▶ WORK REQUIRED
Skip the pictures. Output only the lines below starting at the line with "X-BULL KIT2 Recovery" and ending at the line with "Intel Xeon E3", both ends included, exactly as they are.

▶ RECORD EXTRACTS
----

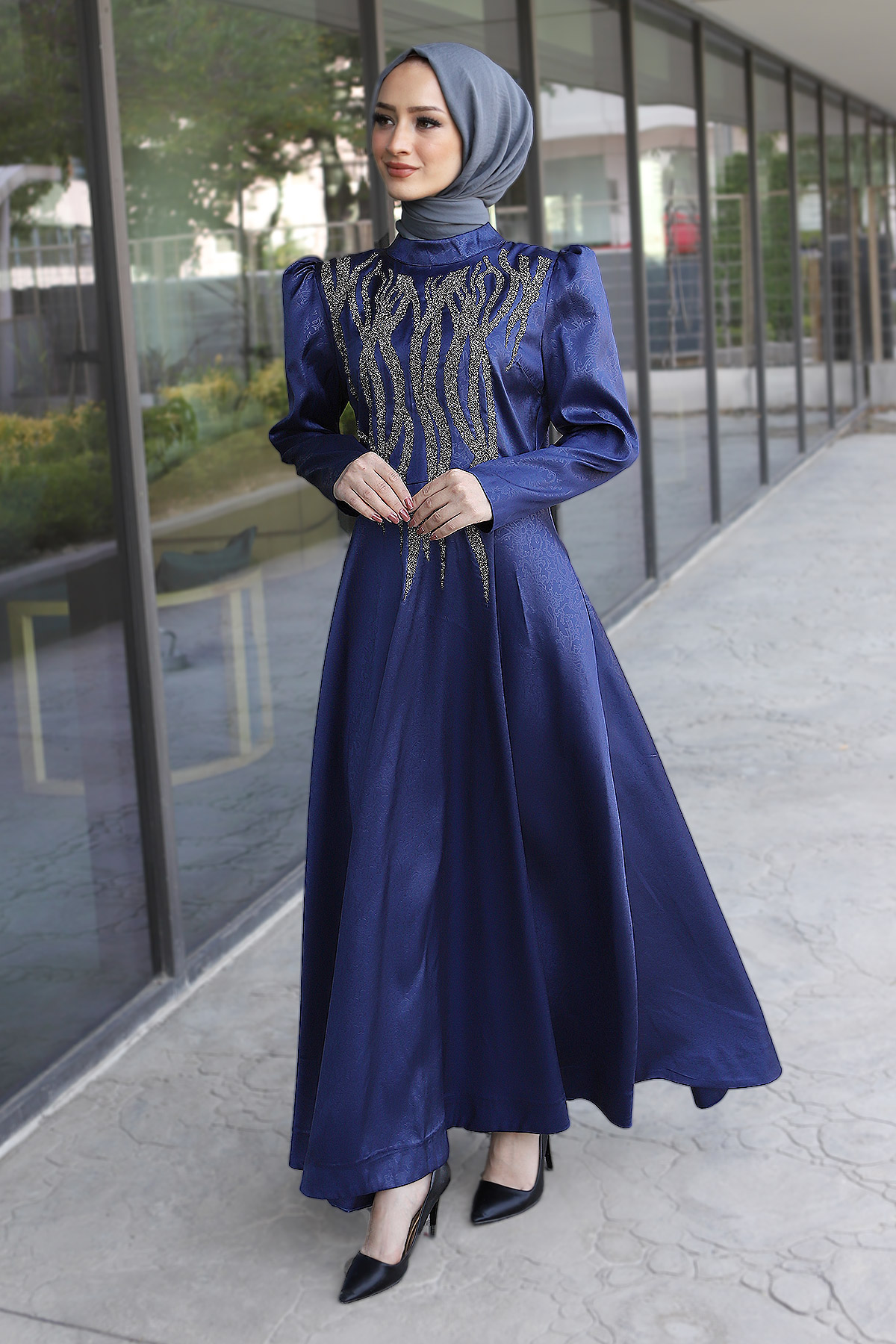 long sleeve evening gowns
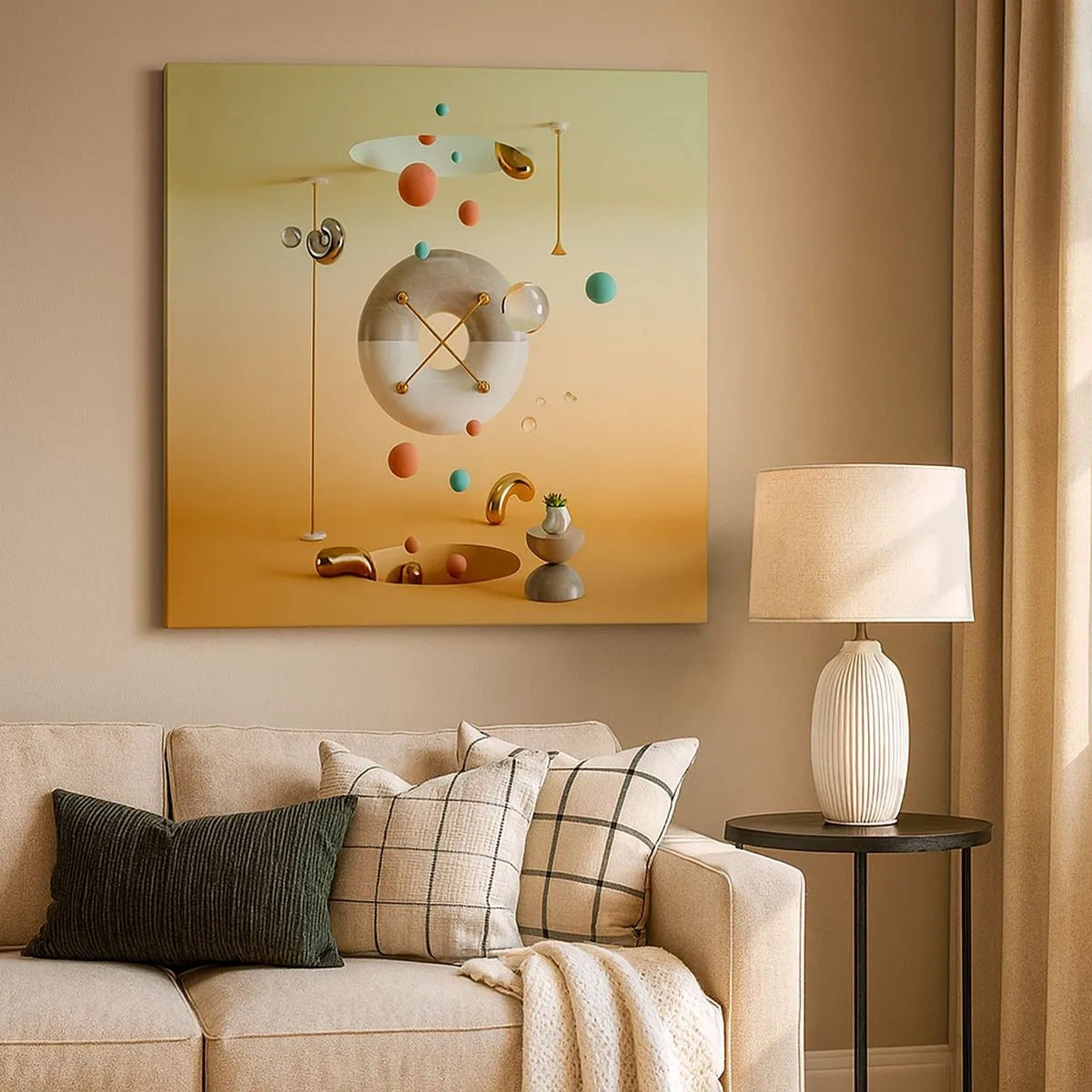 Obraz na płótnie - Wszystko się zdarzyć może - 30x30 cm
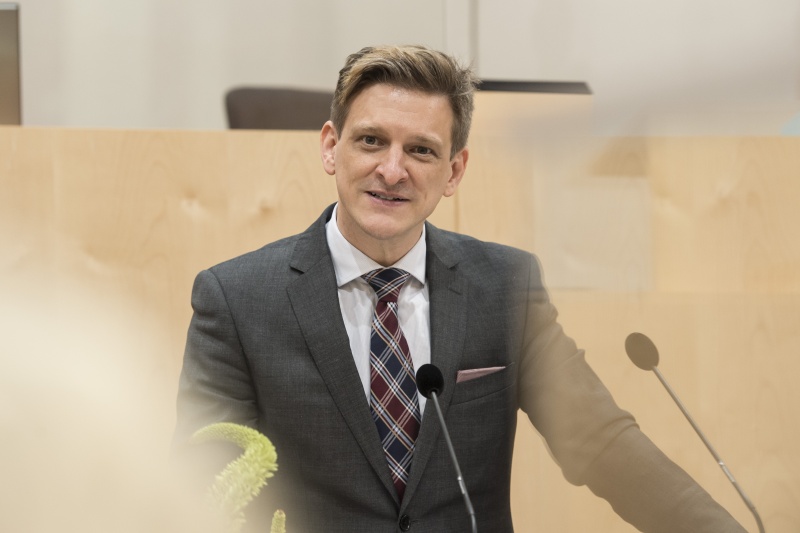 Wissenschaftlicher Direktor des Liudwig Boltzmann Instituts für Grund- und Menschenrechte Michael Lysander Fremuth bei Festvortrag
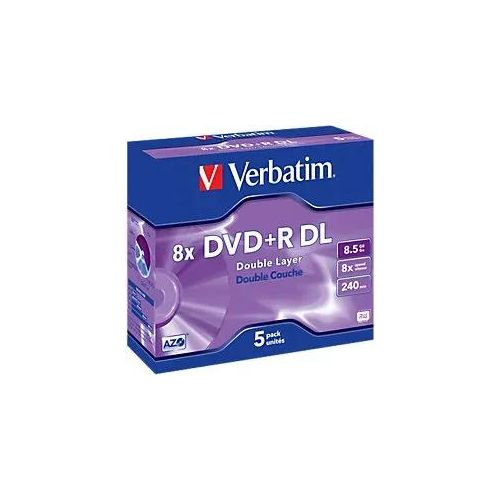 Verbatim DVD+R Jewelcase 8 x 4.7 GB 5 Stück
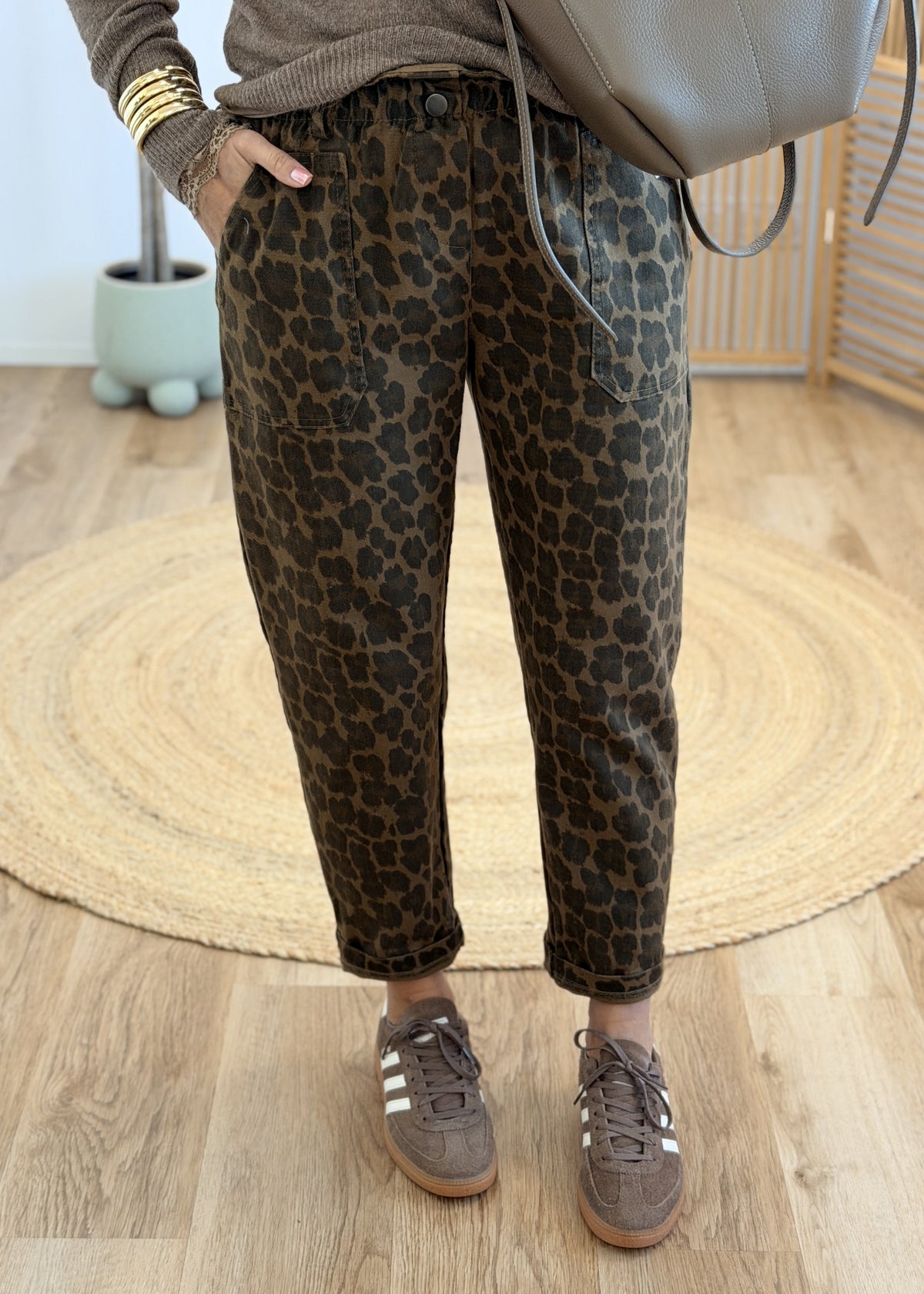 Jean taille haute élastique – Made in Italy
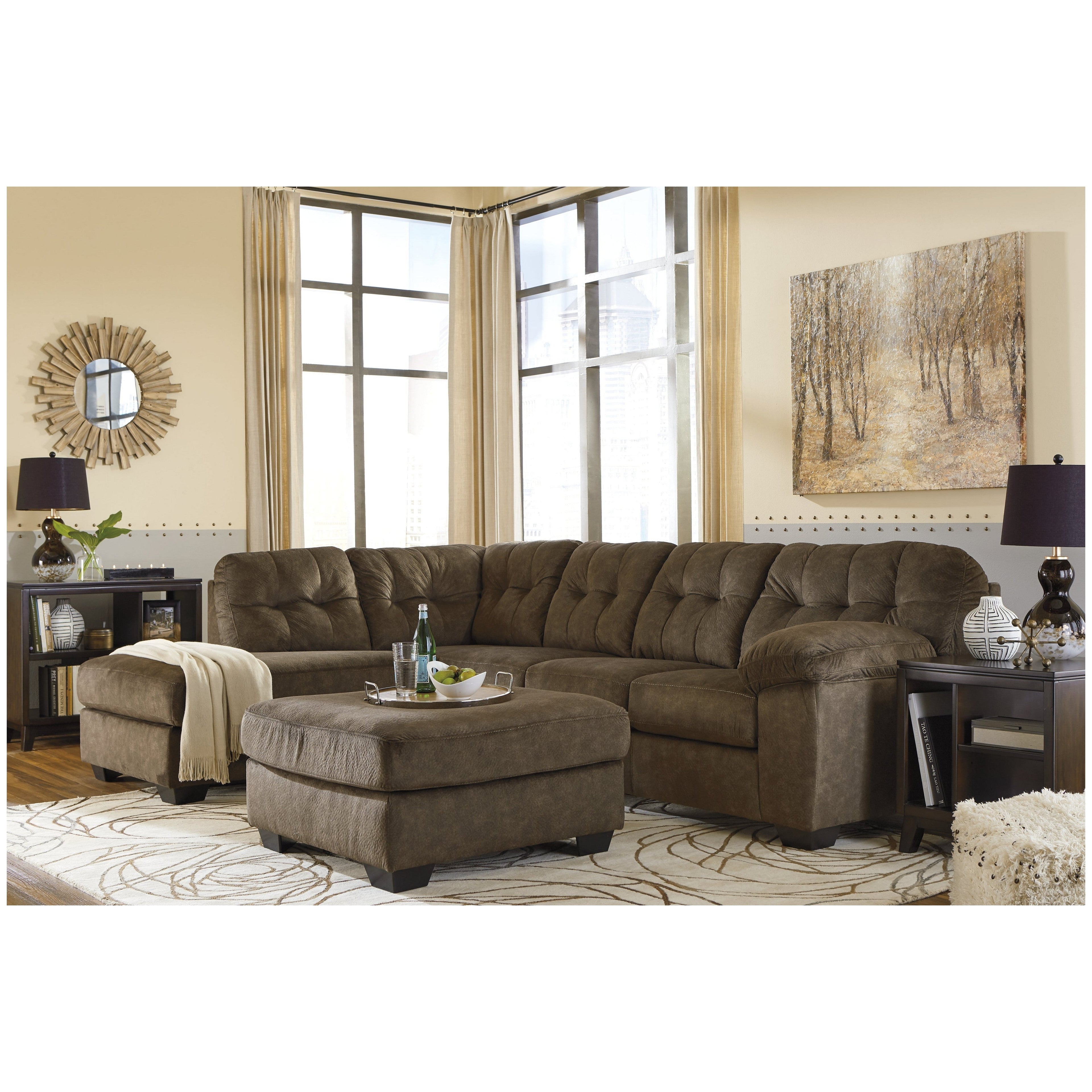 Accrington 2-Piece Sectional with Chaise - Ash-70508S1 - Underkut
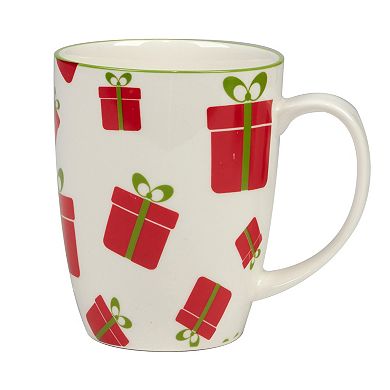 Certified International Set of 6 Holiday Fun Mugs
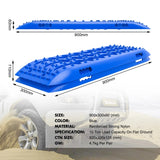 X-BULL KIT2 Recovery tracks kit Board Traction Sand trucks strap mounting 4x4 Sand Snow Car blue 6pcs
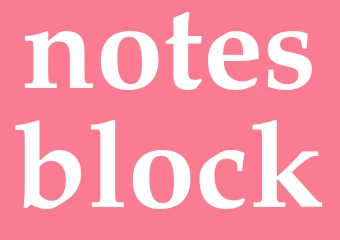 Synonym notesblock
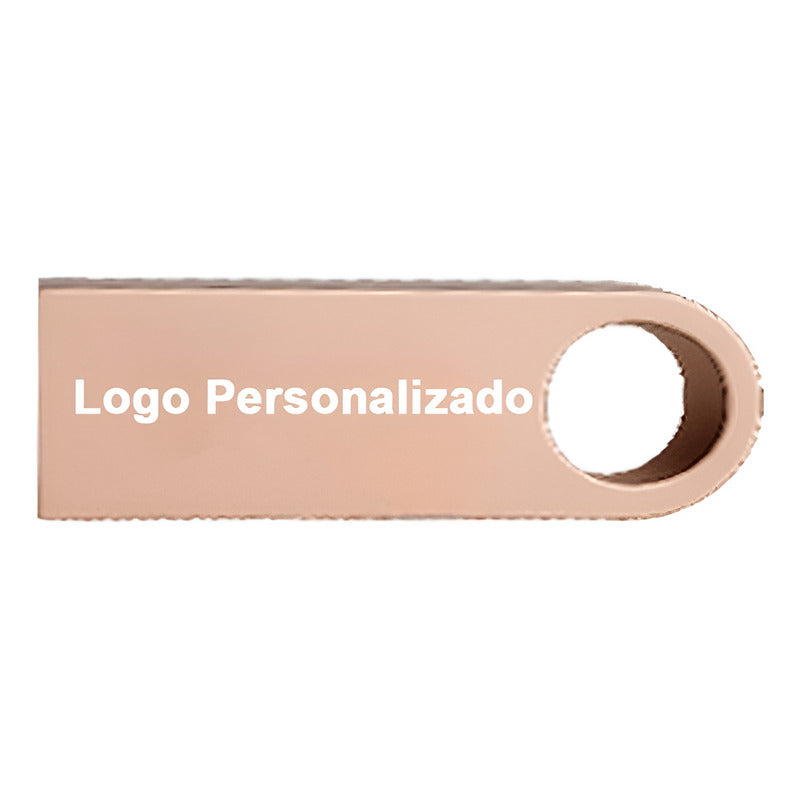 55 Memorias Usb 16gb Personalizadas Logo Laser Metal Oro Rosa Y1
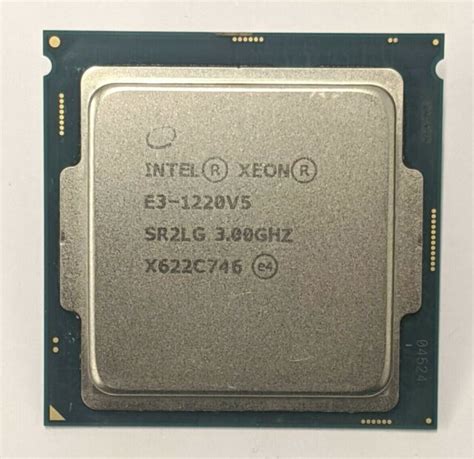 Intel Xeon E3 1225 V5 Lga 1151 Quad Core Skylake Processor For Sale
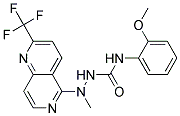 N-(2-METHOXYPHENYL)-2-METHYL-2-[2-(TRIFLUOROMETHYL)-1,6-NAPHTHYRIDIN-5-YL]HYDRAZINECARBOXAMIDE 结构式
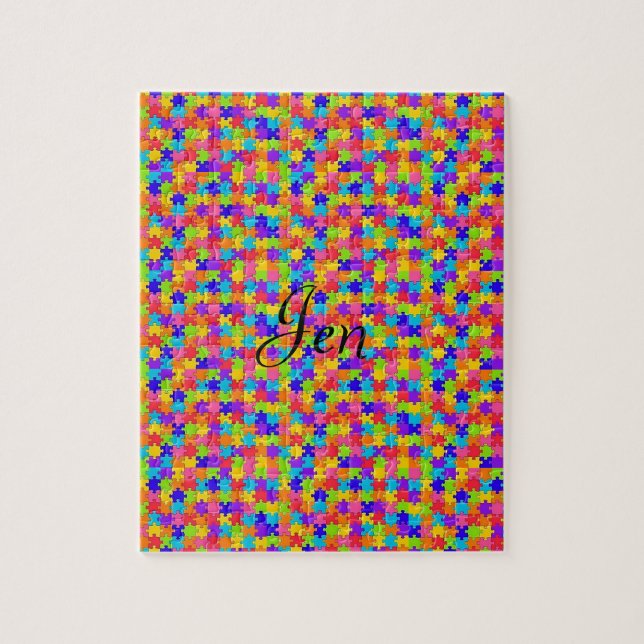 Färgfull Färg Puzzle Jigszle Puzzle Pussel (Vertikal)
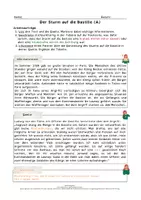 Vorschau - Arbeitsblätter - Der Sturm auf die Bastille - Ein Ereignis, zwei Perspektiven - Deckblatt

----

▶ EXERCISE RESULT
 X-BULL KIT2 Recovery tracks kit Board Traction Sand trucks strap mounting 4x4 Sand Snow Car blue 6pcs
 Synonym notesblock
 55 Memorias Usb 16gb Personalizadas Logo Laser Metal Oro Rosa Y1
 Intel Xeon E3 1225 V5 Lga 1151 Quad Core Skylake Processor For Sale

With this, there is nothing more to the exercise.